Ketidakmampuan Golkar meninggalkan pola-pola patronase dengan elite kekuasaan jelas berdampak pada rendahnya mutu demokrasi di Indonesia. Sebagai partai dengan perolehan kursi parlemen terbesar nomor dua pada pemilihan umum lalu, sikap oportunistis beringin membuat sistem politik kita tak kunjung beranjak dari level pemula—atau meminjam istilah Presiden Abdurrahman Wahid: “politik taman kanak-kanak”.
Jauh sebelum Musyawarah Nasional Partai Golkar digelar pada 3-5 Desember lalu, sejumlah politikus Golkar sudah gencar melobi lingkaran dekat Presiden Joko Widodo untuk memperoleh restu politik bagi dua kandidat ketua umum: Bambang Soesatyo dan Airlangga Hartarto. Keduanya tampak tak percaya diri maju ke gelanggang pemilihan tanpa mengantongi persetujuan Istana.

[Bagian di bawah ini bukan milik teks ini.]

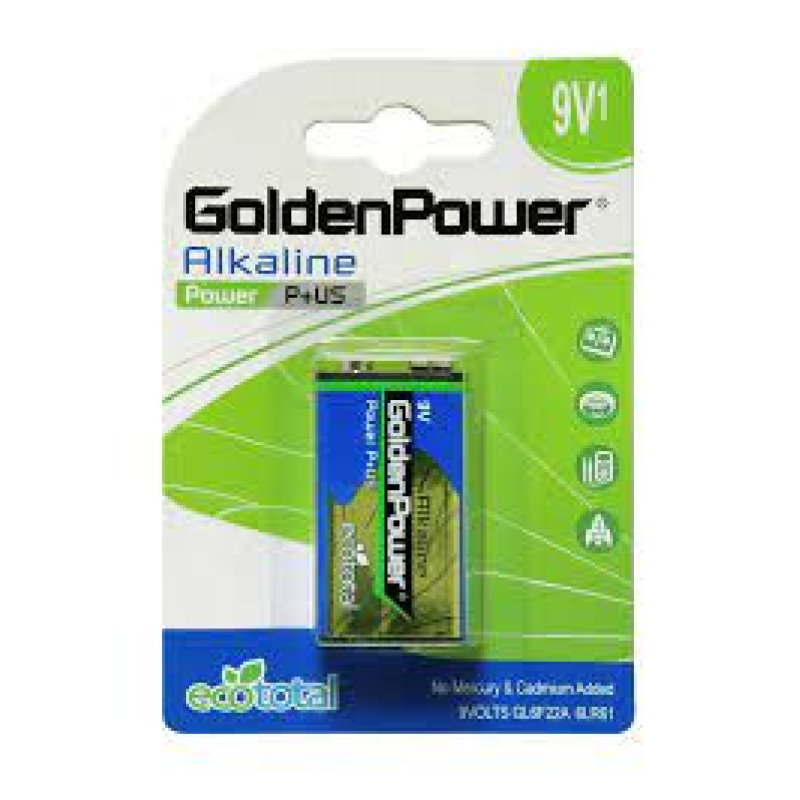Батарейка Golden Power EcoTotal 9V alkaline 6LR61 (Krona), лужна, 1 шт., ТІЛЬКИ ОРИгінал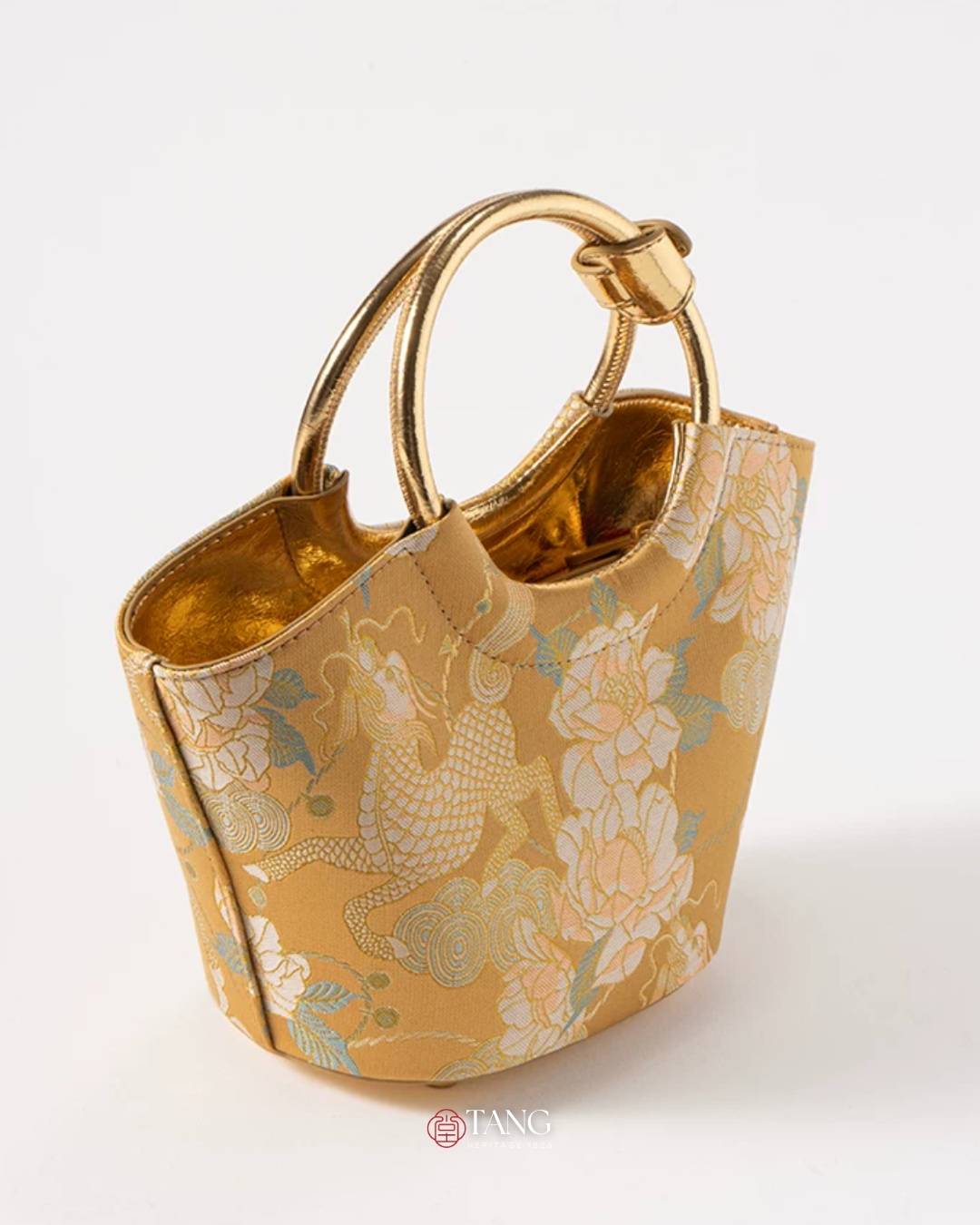 Tang Gold 15 Qilin Peony Song Brocade Basket Bag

Walhasil, tak terlalu mengejutkan ketika beredar kabar sejumlah utusan Istana ikut campur dalam pelaksanaan Munas Golkar. Melalui sejumlah orang dekatnya, Presiden Jokowi menegaskan dukungannya kepada inkumben Airlangga Hartarto dan berusaha mencegah Bambang Soesatyo berkompetisi. Intervensi semacam itu hanya bisa terjadi atas undangan elite Partai Golkar sendiri.

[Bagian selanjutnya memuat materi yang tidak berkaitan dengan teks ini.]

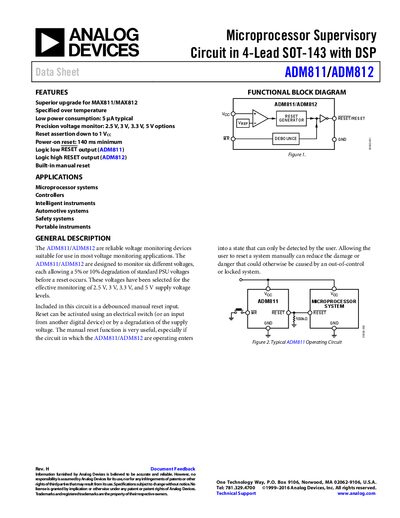 Analog Devices ADM811/ADM812 Microprocessor Supervisory Circuit Data Sheet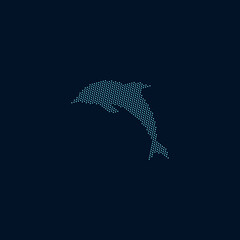 Blue dolphin vector silhouette created from dots © EPSpoint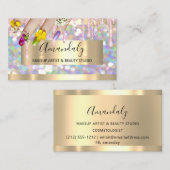Makeup Artist Glitter Gold Nail Artist Glitter Visitekaartje (Voorkant / Achterkant)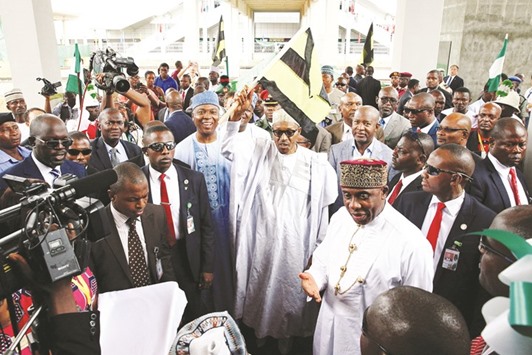 Nigeriau2019s President Muhammadu Buhari flagging off the newly commissioned fast train service from Abuja-Kaduna in Abuja yesterday.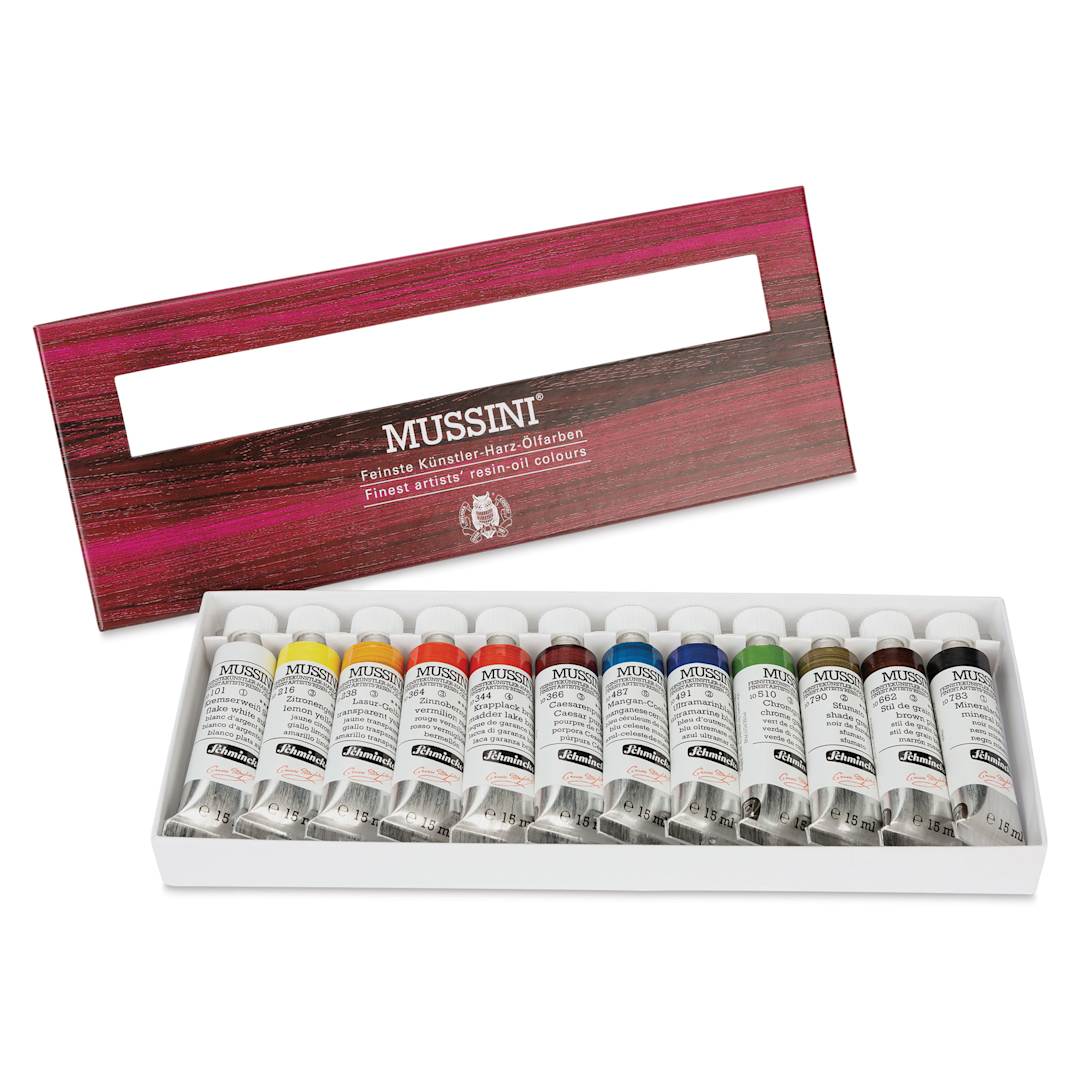 Open in modal - Schmincke Mussini Oil Color - Set of 12, Assorted Colors, 15 ml Tubes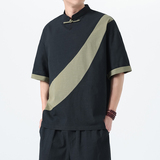 夏季风短袖唐装汉服棉麻大码中式复古T恤男A118-T006P65控99，男装T恤，电商A118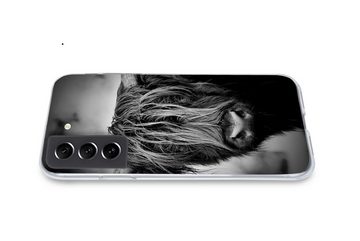 MuchoWow Handyhülle Schottischer Hochländer - Licht - Porträt - Natur, Phone Case, Handyhülle Samsung Galaxy S21 FE, Silikon, Schutzhülle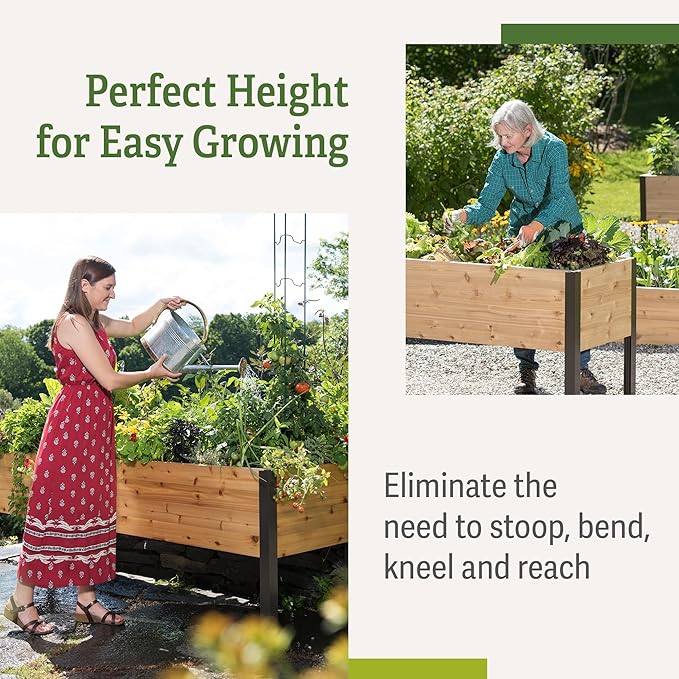 Gardener's Supply Company Elevated Cedar Raised Garden Bed | 2' x 8' Heavy Duty Standing Planter Box with Aluminum Corners for Outdoor Plants Vegetables Flowers | Perfect for Patio &amp Backyard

Di sisi lain, upaya Istana menyokong kandidat yang paling menguntungkan tak sepenuhnya keliru. Jokowi tentu berkepentingan mendapatkan garansi dukungan sepanjang masa pemerintahannya. Hanya cara Istana memainkan kartunya yang perlu dikritik karena terlampau terbuka.

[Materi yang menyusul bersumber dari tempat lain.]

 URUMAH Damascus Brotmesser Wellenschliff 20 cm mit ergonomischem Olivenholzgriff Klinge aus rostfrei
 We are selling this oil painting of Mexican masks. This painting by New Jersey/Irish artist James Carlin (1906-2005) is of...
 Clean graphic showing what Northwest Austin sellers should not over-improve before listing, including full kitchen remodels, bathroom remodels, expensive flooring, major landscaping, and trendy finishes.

Namun, lagi-lagi, semua itu dimungkinkan oleh elite Golkar sendiri. Lobi politik dua calon ketua umum membuka jalan bagi intervensi pemerintah. Motivasinya apa lagi kalau bukan transaksional. Golkar ingin mempertahankan posisinya di pemerintahan agar tetap punya akses pada sumber daya finansial. Patronase semacam itulah yang selama bertahun-tahun menghidupi partai beringin dan kini ditiru hampir semua partai politik lain.
Itulah salah satu faktor yang membuat kartel politik merajalela di negeri ini. Ketika partai dibangun tanpa ideologi yang kokoh dan keberpihakan yang jelas, ia dengan mudah menjadi alat untuk melanggengkan kekuasaan. Oligarki pun gampang memanfaatkan partai untuk kepentingannya sendiri.
Partai politik modern dibangun dengan gagasan dan cita-cita besar untuk memajukan negeri. Jajaran elite dan pendukungnya punya pemahaman yang jernih mengenai bangunan nilai yang seharusnya menjadi patokan dalam proses menuju cita-cita itu. Tanpa visi dan nilai, partai politik menjadi kendaraan politik belaka. Ia bisa diperdagangkan dengan harga tertentu.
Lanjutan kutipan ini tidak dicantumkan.